> Exercise prompt
A picture-free, exact transcript of the entries below is required.

····················

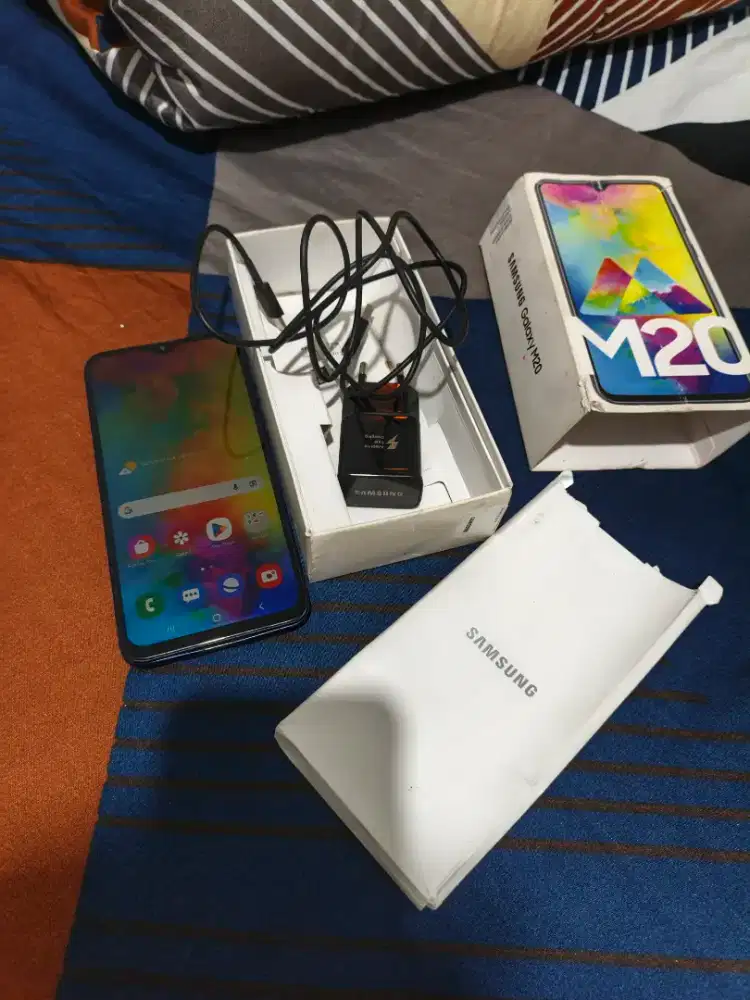 Samsung galaxy M20 Normal batre awet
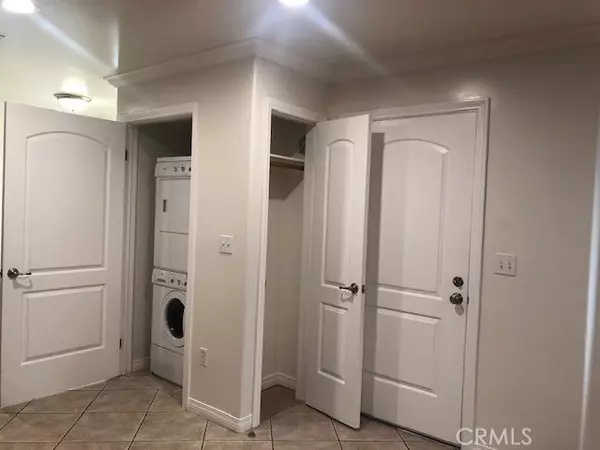 Van Nuys, CA 91405,13525 Vanowen ST 102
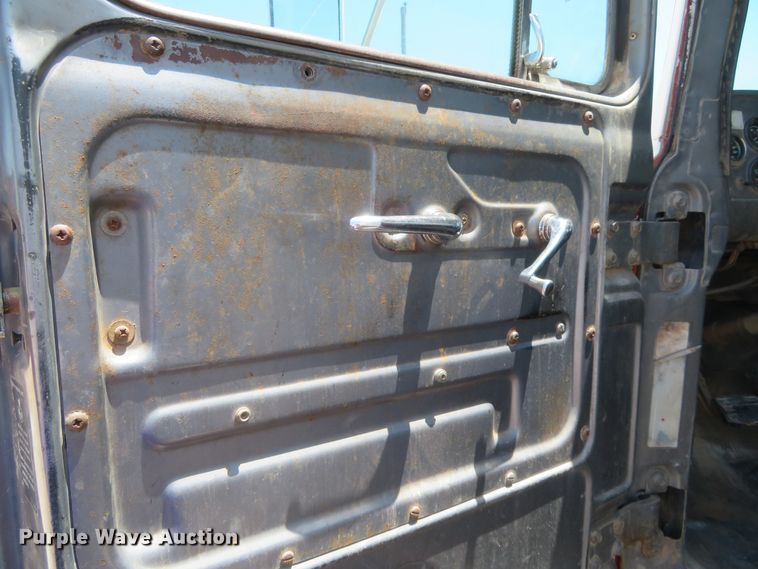 image for item DD7103 1989 Mack R688ST tank truck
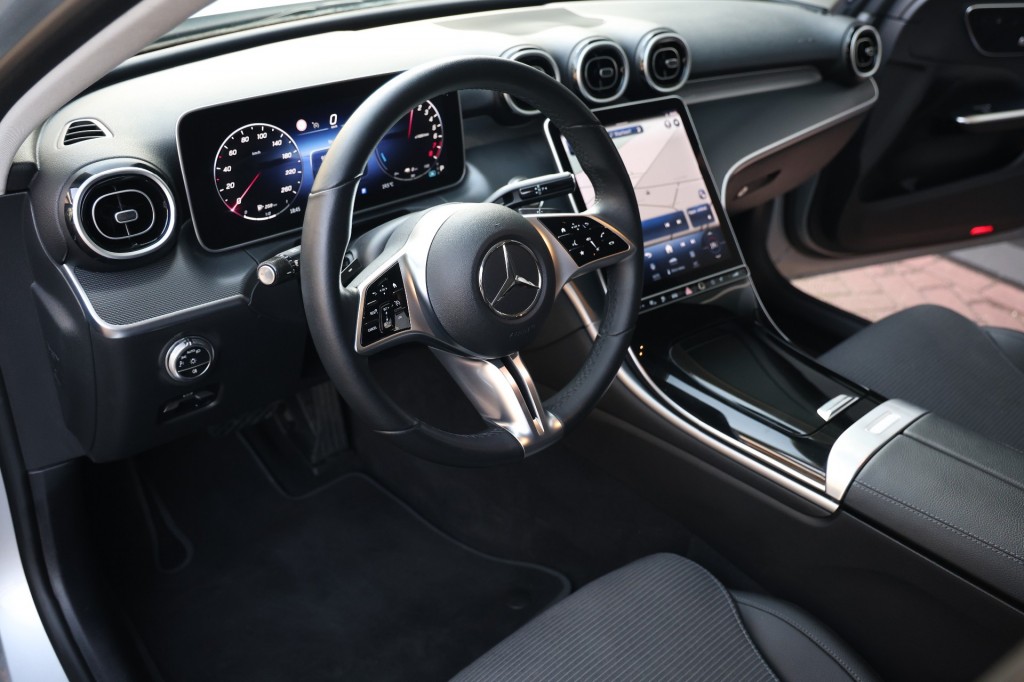 MERCEDES-BENZ-C-KLASSE-Estate 300 e Luxury 12mnd garantie/Trekhaak/NAP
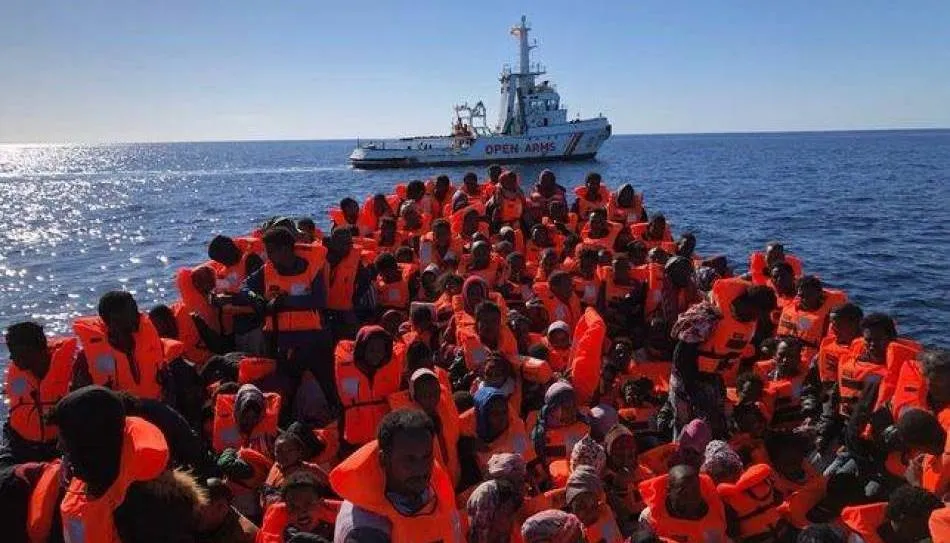 La Junta es partidaria de atender las peticiones que puedan surgir desde el Gobierno en este sentido y en función de lo que soliciten las diferentes asociaciones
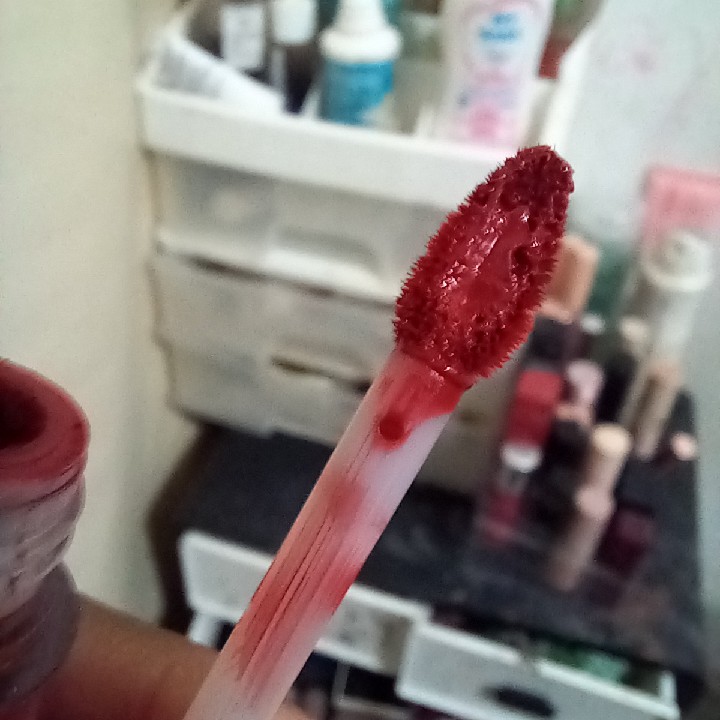 Lasting Matte Lip Cream - R04 Cranberry Jam imgfdn-847b9261-c630-4a06-9a71-531ea72da009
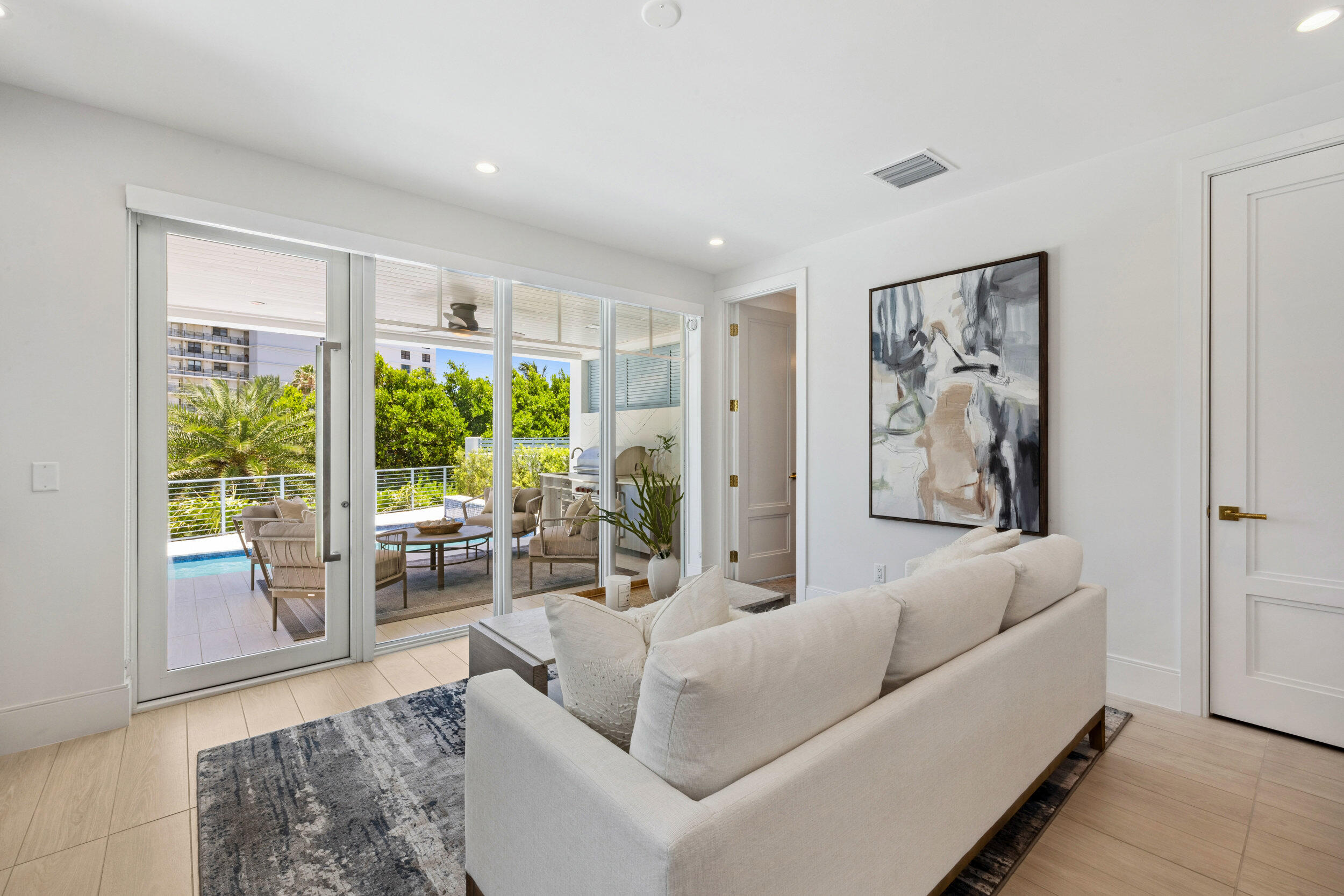 MLS #RX-11101975 image #2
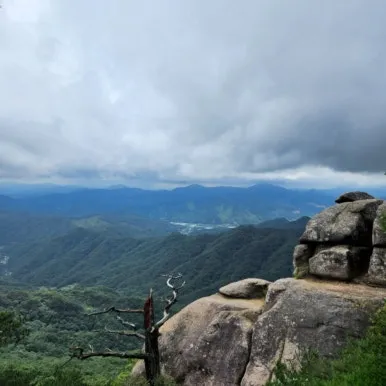 감악산의 암릉 풍경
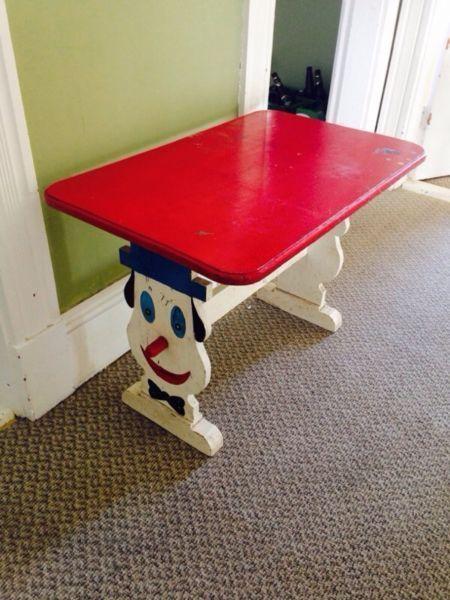 Old Vintage Child's Table With Clowns. 29.5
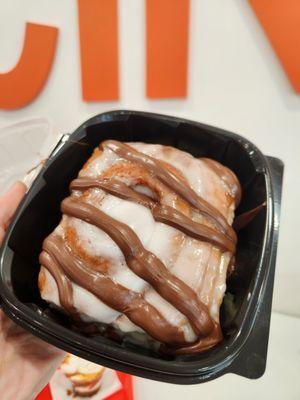 NUTELLA CINNAMON ROLL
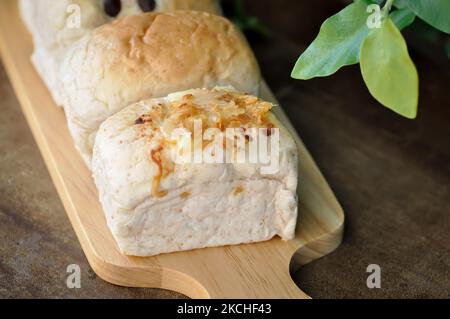 pain de pain, pain de beurre et pain de raisins secs ou pain avec garniture de porc séchée ou pains de pain ou pain de blé entier avec garniture Banque D'Images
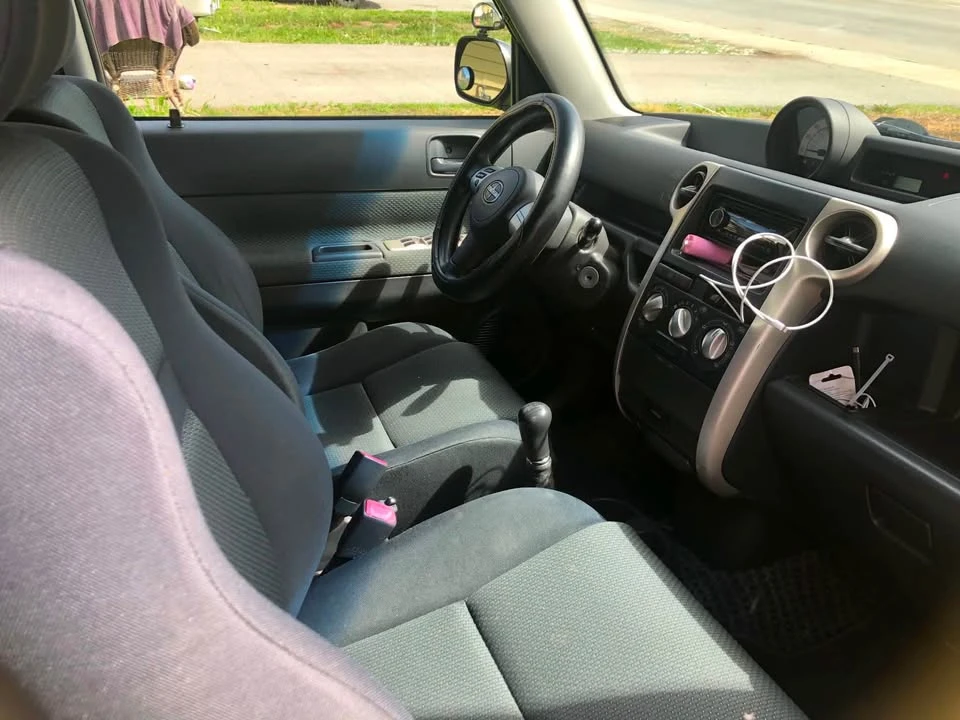2005 Scion xB - Image 15 of 15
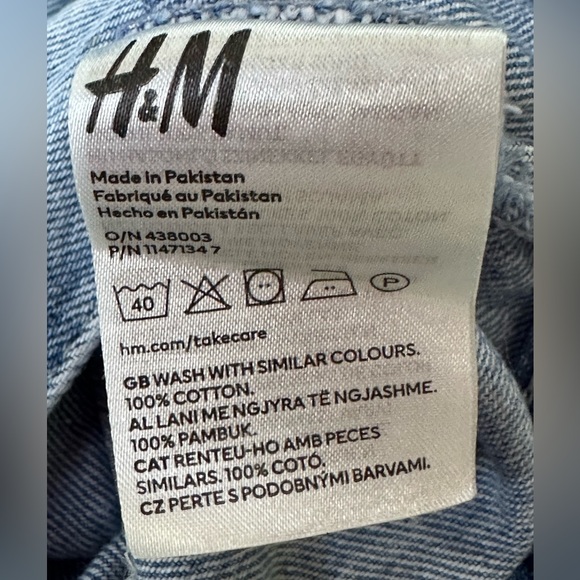 H&M Cropped Denim Jacket size 18 - Picture 7 of 9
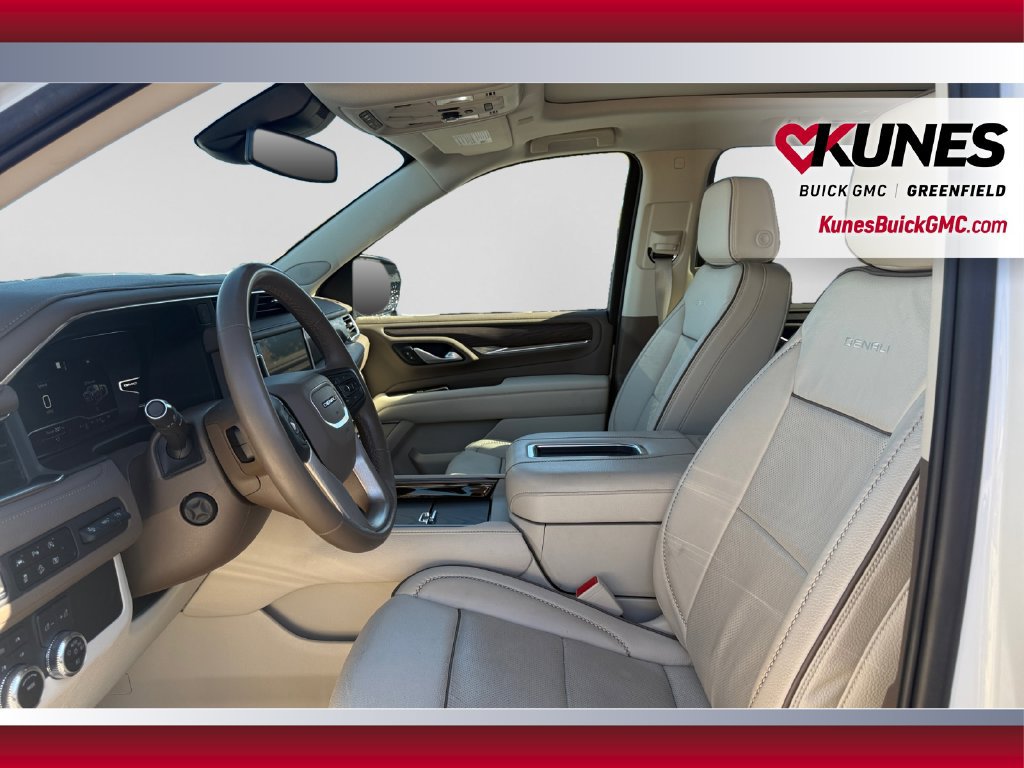 Used 2023 GMC Yukon XL Denali AWD/4WD image 20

····················

> Solution to this task
 Samsung galaxy M20 Normal batre awet
 Van Nuys, CA 91405,13525 Vanowen ST 102
 image for item DD7103 1989 Mack R688ST tank truck
 MERCEDES-BENZ-C-KLASSE-Estate 300 e Luxury 12mnd garantie/Trekhaak/NAP
 La Junta es partidaria de atender las peticiones que puedan surgir desde el Gobierno en este sentido y en función de lo que soliciten las diferentes asociaciones
 Lasting Matte Lip Cream - R04 Cranberry Jam imgfdn-847b9261-c630-4a06-9a71-531ea72da009
 MLS #RX-11101975 image #2
 감악산의 암릉 풍경
 Old Vintage Child's Table With Clowns. 29.5
 NUTELLA CINNAMON ROLL
 pain de pain, pain de beurre et pain de raisins secs ou pain avec garniture de porc séchée ou pains de pain ou pain de blé entier avec garniture Banque D'Images
2005 Scion xB - Image 15 of 15
 H&M Cropped Denim Jacket size 18 - Picture 7 of 9
 Used 2023 GMC Yukon XL Denali AWD/4WD image 20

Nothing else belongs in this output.